Si, e poi quelli costano l’ira di Buddha! Si sarebbe fatto dare almeno qualche milione di anticipo, poi avrebbe preteso i festivi, i weekend, e il funerale della nonna, e il mal di pancia… Che poi, prima di qualche anno non l’avrebbe trovata! Ah, GesùGiuseppeMariaSiaLaSalvezzaDell’AnimaMia!! Stava cominciando a parlare sempre di più come suo nonno, e questo non era bello…Però col cappellino alla Fantozzi sarebbe stato bene, bisognava ammetterlo che avrebbe fatto strage…

 

BASTA!

 

Self – control…

 

Tanto quella non viene più! Miseriaccia! Va beh, muoviamoci! Prima facciamo il biglietto, prima partiamo. Prima partiamo, prima la troviamo. Prima la troviamo, prima veniamo mandati a quel paese con un calcio nel sederino.

 

Ah, che vita!

 

Anzi, che tristezza… la donna che amava… non sarebbe più tornata da lui, allora? Dov’era finito il suo ottimismo?

 

Si tolse la mani dalle tasche e se le porto fra i capelli… sospirò… Jenny… non poteva far altro che andarsene.

 

Si girò di scatto ed iniziò a camminare verso l’uscita quando…

 

“Philip!”

 

Cosa? Cosa? Cosa? Coosa?

 

Si girò lentamente, aveva paura, ma doveva girarsi o avrebbe potuto rimpiangerlo per sempre… o l’avrebbe rimpianto comunque…

 

“Jenny…” si stupì nel ritrovare la sua voce incredibilmente calma e bassa, lì, davanti a lui c’era Jenny… la sua Jenny…. La ragazza si mosse leggermente e gli andò più vicino

“Dio, avevo tanta paura che non mi avresti aspettato! Se non fossi arrivata in tempo non so cos’avrei fatto…” lui la guardava come imbambolato senza riuscir a spiaccicare una parola: era sempre lei, niente mariti, amanti, o figli come aveva sospettato lui, da emerito idiota. Solo la donna che aveva sempre amato.

 

Sul suo volto spiccava sempre lo stesso sguardo che lo accompagnava mentre, sul campo bagnato dalla neve, si faceva strada tra gli avversari e correva in porta; lo stesso sguardo timido e dolce… così dolce mentre lo scrutava con quegli occhi verdi. Anche se il colore si era fatto meno definito, i suoi occhi erano sempre gli stessi. Ora la perfezione di quel verde era accentuata dalle sfumature oltremare dei lapislazzuli… Bellissima la sua Jenny… e quei capelli … sempre leggeri e castani, solo più lunghi…

 

Era contento di averla ritrovata.

 

Aveva aspettato tanto, ma adesso era davvero lì con lui, tremante, sul punto di scoppiare in lacrime, e in attesa di un cenno da parte sua…

 

“Sei così cambiata, eppure…” mormorò; lei sollevò lo sguardo ed arrossì teneramente, proprio come piaceva a lui…

“Eh?

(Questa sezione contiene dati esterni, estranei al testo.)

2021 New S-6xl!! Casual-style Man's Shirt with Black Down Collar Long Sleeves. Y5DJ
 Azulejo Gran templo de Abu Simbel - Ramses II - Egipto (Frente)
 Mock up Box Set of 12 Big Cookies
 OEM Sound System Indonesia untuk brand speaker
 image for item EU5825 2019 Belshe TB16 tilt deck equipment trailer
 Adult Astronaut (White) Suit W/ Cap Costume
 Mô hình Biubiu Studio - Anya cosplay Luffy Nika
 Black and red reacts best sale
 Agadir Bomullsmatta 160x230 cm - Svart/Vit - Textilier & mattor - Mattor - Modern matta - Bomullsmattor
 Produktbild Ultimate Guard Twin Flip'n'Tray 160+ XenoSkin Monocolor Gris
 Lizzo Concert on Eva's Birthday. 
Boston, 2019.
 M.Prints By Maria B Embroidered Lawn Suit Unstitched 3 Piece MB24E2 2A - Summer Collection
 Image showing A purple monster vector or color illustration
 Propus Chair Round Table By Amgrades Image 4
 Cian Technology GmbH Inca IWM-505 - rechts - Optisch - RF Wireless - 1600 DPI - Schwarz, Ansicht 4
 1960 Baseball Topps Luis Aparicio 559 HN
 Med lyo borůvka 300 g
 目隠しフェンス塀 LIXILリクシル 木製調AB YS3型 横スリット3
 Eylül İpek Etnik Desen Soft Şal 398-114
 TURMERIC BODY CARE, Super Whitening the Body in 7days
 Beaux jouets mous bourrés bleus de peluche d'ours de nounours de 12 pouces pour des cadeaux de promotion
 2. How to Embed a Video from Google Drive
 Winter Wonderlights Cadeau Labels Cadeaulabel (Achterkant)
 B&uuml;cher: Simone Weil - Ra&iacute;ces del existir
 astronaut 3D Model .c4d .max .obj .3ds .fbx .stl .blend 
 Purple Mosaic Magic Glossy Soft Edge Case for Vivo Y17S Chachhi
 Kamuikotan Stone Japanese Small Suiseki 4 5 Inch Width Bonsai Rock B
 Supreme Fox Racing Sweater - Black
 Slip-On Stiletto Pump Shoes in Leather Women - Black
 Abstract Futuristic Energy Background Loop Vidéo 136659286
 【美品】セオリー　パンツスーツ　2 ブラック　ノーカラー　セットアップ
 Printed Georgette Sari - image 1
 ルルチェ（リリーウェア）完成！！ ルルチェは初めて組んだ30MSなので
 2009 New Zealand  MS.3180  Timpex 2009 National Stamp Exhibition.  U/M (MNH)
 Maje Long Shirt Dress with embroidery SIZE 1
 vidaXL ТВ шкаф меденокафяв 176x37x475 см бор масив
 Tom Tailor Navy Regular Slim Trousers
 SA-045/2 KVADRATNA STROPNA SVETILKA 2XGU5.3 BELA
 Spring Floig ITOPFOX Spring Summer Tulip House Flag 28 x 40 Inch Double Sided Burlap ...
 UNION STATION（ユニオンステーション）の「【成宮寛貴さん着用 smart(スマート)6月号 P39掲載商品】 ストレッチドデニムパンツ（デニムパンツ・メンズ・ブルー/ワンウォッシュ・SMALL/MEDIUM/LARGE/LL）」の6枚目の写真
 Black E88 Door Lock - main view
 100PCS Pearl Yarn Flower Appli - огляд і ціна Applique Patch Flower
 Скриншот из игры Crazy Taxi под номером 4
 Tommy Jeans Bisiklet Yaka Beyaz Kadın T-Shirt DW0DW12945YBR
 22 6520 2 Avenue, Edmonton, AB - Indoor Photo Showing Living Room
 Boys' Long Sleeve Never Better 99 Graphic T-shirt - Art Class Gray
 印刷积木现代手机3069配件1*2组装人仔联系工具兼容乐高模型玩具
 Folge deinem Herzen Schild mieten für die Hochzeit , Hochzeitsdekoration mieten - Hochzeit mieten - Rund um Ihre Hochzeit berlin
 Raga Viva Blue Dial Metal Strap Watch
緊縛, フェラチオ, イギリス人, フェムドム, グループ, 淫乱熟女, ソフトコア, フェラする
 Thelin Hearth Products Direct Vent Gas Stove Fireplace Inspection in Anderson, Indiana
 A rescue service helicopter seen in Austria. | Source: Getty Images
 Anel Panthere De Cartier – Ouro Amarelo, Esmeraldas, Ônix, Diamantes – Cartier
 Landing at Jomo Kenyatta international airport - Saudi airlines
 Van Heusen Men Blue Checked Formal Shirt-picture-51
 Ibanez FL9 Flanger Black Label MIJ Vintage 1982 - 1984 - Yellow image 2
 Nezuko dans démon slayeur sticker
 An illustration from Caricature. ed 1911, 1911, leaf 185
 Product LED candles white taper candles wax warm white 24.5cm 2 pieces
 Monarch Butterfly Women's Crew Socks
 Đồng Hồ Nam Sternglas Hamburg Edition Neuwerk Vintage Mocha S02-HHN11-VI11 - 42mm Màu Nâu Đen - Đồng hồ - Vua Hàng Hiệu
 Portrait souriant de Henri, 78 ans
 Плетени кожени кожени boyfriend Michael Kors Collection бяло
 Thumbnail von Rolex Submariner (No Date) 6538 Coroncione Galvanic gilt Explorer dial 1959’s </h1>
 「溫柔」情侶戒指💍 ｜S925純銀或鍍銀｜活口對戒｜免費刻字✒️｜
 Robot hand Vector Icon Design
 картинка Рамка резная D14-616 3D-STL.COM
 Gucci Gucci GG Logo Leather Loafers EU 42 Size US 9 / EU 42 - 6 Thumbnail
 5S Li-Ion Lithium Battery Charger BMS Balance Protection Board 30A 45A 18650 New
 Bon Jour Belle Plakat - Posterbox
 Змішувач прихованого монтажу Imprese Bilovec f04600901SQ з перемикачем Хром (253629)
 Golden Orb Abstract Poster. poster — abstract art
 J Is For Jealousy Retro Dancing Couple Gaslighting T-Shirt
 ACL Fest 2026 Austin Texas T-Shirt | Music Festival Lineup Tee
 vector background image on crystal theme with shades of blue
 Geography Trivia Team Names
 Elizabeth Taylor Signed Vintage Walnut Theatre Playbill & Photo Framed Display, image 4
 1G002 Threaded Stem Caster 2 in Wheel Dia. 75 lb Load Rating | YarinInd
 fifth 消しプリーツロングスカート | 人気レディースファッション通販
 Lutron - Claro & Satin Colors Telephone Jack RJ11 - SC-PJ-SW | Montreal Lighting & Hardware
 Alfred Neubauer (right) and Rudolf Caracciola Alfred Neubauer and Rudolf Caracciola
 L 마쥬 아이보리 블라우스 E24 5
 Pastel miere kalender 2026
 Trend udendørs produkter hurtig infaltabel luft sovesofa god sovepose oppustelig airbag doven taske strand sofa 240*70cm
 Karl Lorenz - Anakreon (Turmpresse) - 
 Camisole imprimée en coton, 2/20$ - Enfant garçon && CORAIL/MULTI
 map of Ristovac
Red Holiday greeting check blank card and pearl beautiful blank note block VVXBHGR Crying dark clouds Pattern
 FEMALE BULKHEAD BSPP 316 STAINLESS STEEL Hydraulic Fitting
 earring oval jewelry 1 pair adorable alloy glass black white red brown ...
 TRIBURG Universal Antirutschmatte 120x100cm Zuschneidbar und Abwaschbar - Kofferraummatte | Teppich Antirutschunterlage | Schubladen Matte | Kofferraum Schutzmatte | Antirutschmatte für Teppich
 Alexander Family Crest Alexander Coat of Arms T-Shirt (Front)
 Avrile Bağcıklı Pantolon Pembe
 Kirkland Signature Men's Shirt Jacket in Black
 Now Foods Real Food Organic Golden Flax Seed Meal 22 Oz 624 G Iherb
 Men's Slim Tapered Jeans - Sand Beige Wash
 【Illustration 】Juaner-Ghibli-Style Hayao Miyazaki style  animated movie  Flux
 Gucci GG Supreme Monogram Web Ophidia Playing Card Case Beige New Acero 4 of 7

Ma cosa dici? Non sono cambiata affatto! Sono sempre io…”

 

Avrebbe voluto stringerla con tutta la forza che aveva in corpo, ma non ci riusciva, aveva paura che se ne andasse di nuovo ma non poteva muoversi… la sua Jenny…. Allargò le braccia e lei vi si tuffò. Un profumo intenso lo investì, e quando sentì un corpo dalle forme morbide stretto al suo capì chiaramente che non stava sognando… e non dovevano più aver paura.

 

“Sono contento di averti ritrovata… non andartene mai più!”

 

La strinse e sorrise, questa volta felice.